I think that the mitochondrial damage is actually at the heart of all this because even in the presence of excess GIP, if we were sensitive to glucose as we’re supposed to be, the glucose sensitivity would keep our glucagon levels in check.
It is probably only because this glucose sensing mechanism is broken that GIP is able to raise glucagon as much as it does with us.
So the only way to really look to fix this problem is to look to make our alpha cells more glucose sensitive, which involves such things as reducing our cellular toxicity, from high insulin levels in particular, and also to look to improve GLUT1 reception in the alpha cells, which allows glucose into these cells, as well as improve cellular permeability in general, and also to look to repair mitochondrial damage.
There are supplements that can really help with healing all this, MSM, Q-10, and PQQ for instance, as well as things that raise glutathione levels like NAC. MSM is super interesting because it not only improves cellular permeability, it also is a sulfur containing compound, which may modulate the sort of intracellular electrical activity that is required for normal function, as insulin secreting drugs do, sulfonylureas, although these drugs end up secreting too much insulin at well, which end up adding to the problem.

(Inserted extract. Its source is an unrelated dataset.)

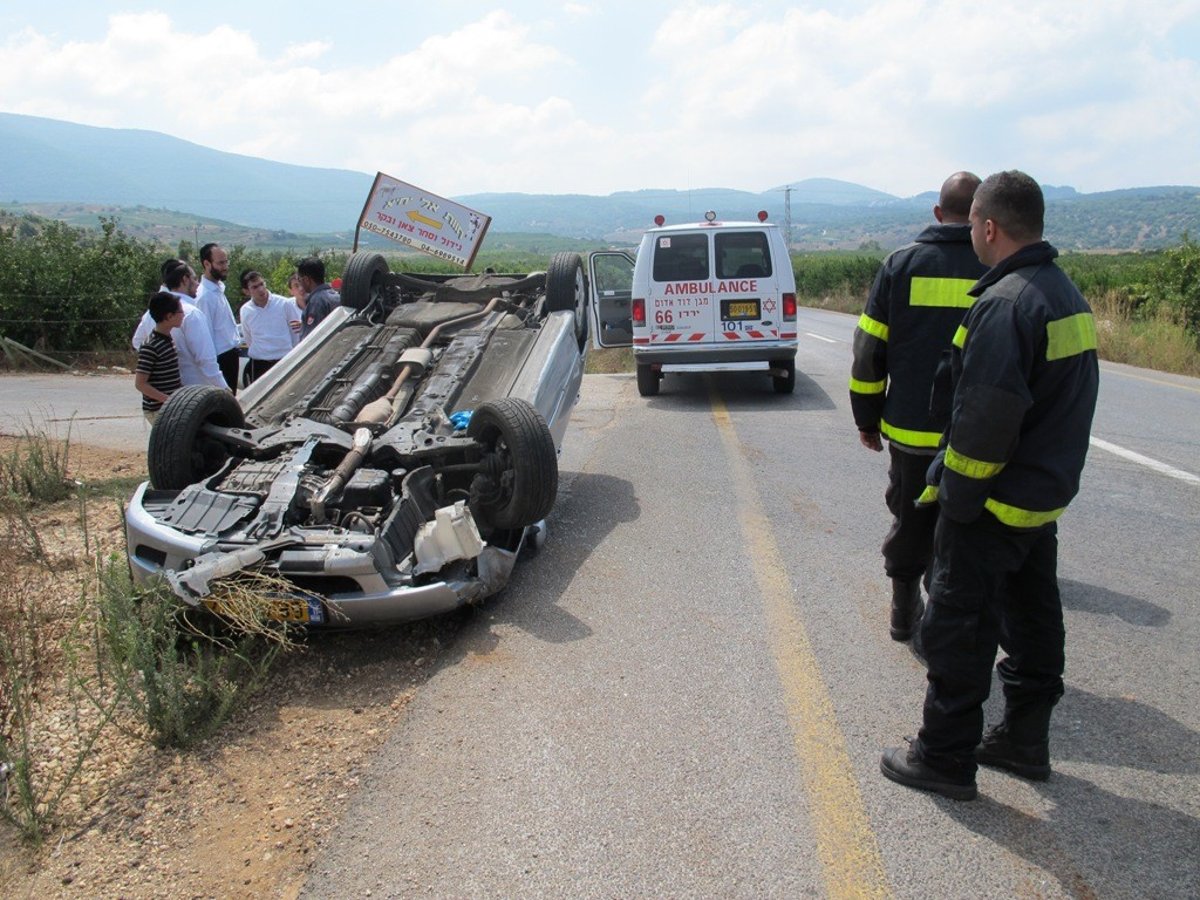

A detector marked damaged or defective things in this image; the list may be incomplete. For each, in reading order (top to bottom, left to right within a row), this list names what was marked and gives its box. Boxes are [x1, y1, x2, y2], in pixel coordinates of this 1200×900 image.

overturned silver car [124, 250, 588, 624]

Things that reduce cellular oxidation, particularly ROS, can also help this, as well as things that increase cellular energy, ATP, and a defect in potassium ATP channels within the alpha cells is primarily responsible for all this excess glucagon and all that excess blood sugar in turn. This is where Q10 and PQQ come in, and this isn’t the sort of thing that you are going to fix overnight, it took a long time to get this messed up and it will take a good amount of time to get better from it.
This stuff won’t fix itself though and unless we do, we’re just going to get worse and worse flying blind, which is clearly the case overall presently.